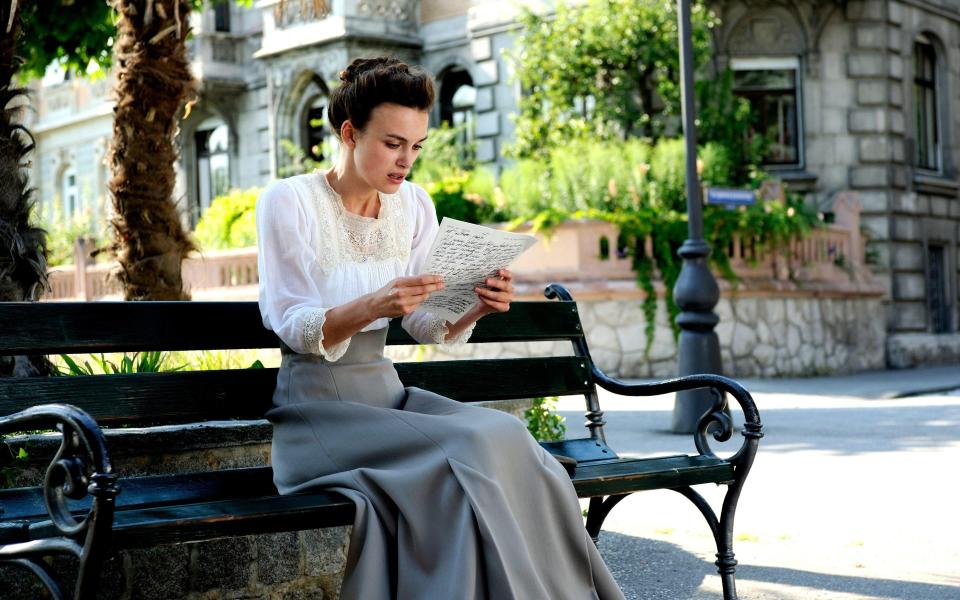 A Dangerous Method 2011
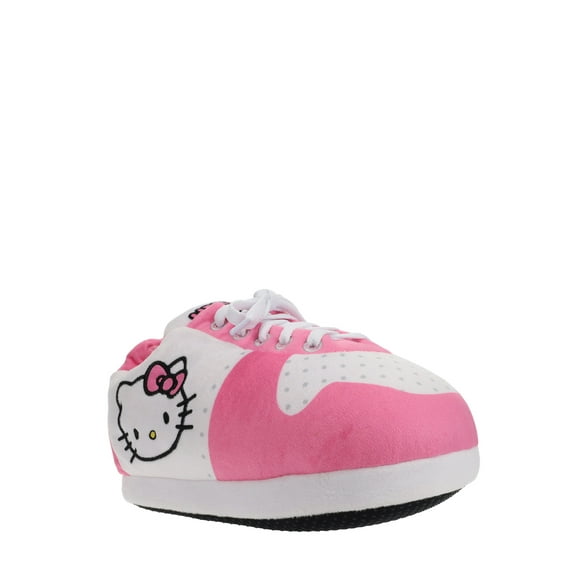 Hello Kitty by Sanrio Little & Big Girls Sneaker Slippers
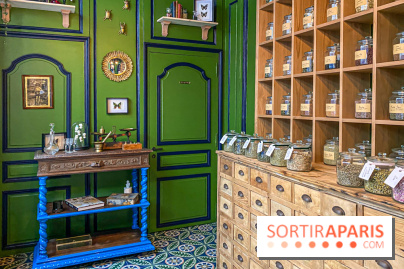 La Distillerie de l’Arbre Sec : l'atelier de création de gin à deux pas du Louvre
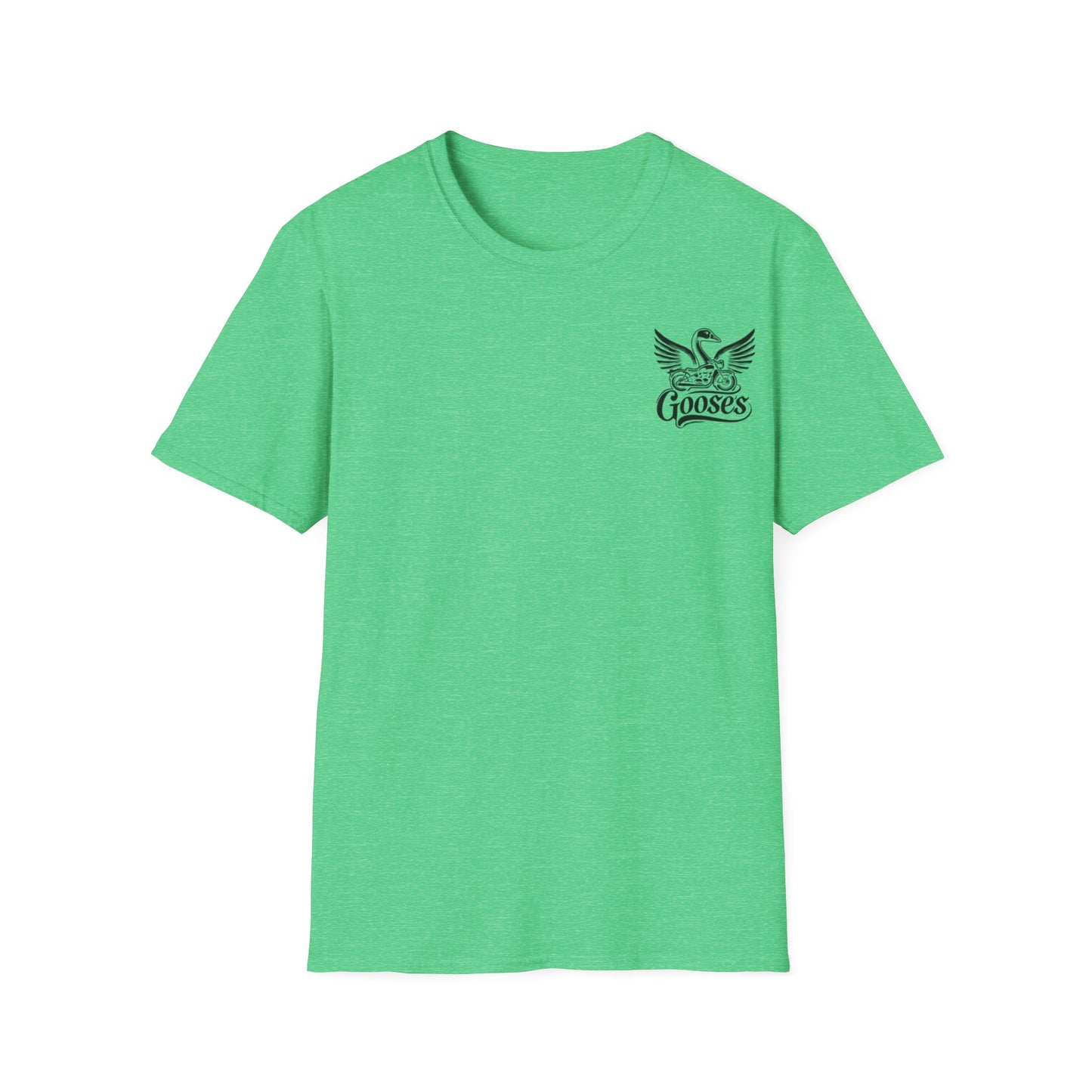 Goose's Bar & Grill - T-Shirt Fork Yeah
============
# [PROBLEM DESCRIPTION]
Write the material out again exactly. Skip each picture.

# [ANSWER BELOW]
 A Dangerous Method 2011
 Hello Kitty by Sanrio Little & Big Girls Sneaker Slippers
 La Distillerie de l’Arbre Sec : l'atelier de création de gin à deux pas du Louvre
 Goose's Bar & Grill - T-Shirt Fork Yeah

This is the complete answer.